Senate Democrats continue to support a higher minimum wage. In June, House Democrats passed a bill that would raise Pennsylvania’s minimum wage to $15 an hour by 2026. Senator Christine Tartaglione (D- Philadelphia) introduced Senate Bill 12, a similar bill.
“Pennsylvania is failing our workers,” said Senator Vincent Hughes (D-Phila./Montgomery). “For seventeen years now, Republican state lawmakers have done nothing to guarantee hard working people get paid fairly and adequately for contributions to our economy. I was proud to join Governor Rendell in 2006 to support pay that benefited workers and families. I hope to join Governor Shapiro one day to end seventeen years of inaction for minimum wage workers in Pennsylvania.”
Pennsylvania’s current minimum wage sits at the federal requirement of $7.25. According to the Massachusetts Institute of Technology (MIT), Pennsylvania’s minimum wage is far from a livable wage in the state. The cost of housing and other living expenses has continued to rise while Pennsylvania’s minimum wage has remained stagnant for over a decade.
A minimum wage increase to $15 an hour would impact one million workers who are currently making less than $15 an hour in Pennsylvania.
“Everyone who works for a living deserves to earn a living wage, and the current minimum wage in PA is not one. It is long past time to do right by our working families and make sure we can raise our children on one good job,” said Senator Jay Costa (D-Allegheny). “I have been proud to champion a living wage for every Pennsylvanian, and I look forward to working alongside fellow legislators, workers, and activists to deliver on this crucial value.”
Senate Democrats stand ready to vote on the House bill, but Senate Republicans, who are in the majority, must bring it to the floor for a vote. Meanwhile, every state surrounding Pennsylvania has raised the minimum wage. New York, New Jersey, Delaware, Maryland, West Virginia, and Ohio, all pay a higher minimum wage. Pennsylvania is in last place when it comes to delivering for workers.
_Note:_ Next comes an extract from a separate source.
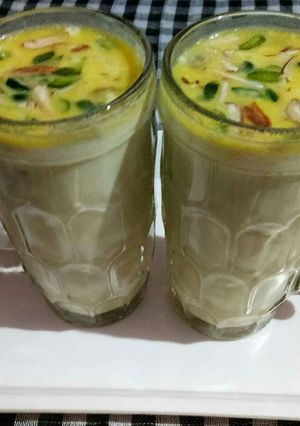A picture of Besan wala hot milk.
“Raising the minimum wage is critical to respecting the dignity of hardworking people so that they can afford housing and food, and so that they don’t have to choose between food, heat, clothing, and other basic needs,” said Senator Art Haywood (D-Phila./Montgomery), who has also been a fierce advocate for raising PA’s minimum wage.
He continued, “This is about helping parents and allowing them to be parents, no longer having to work two or three jobs and having greater freedom to provide their children with a better education, enrich their young ones with opportunities like recreational activities, be more active in their communities, and spend time with their families.”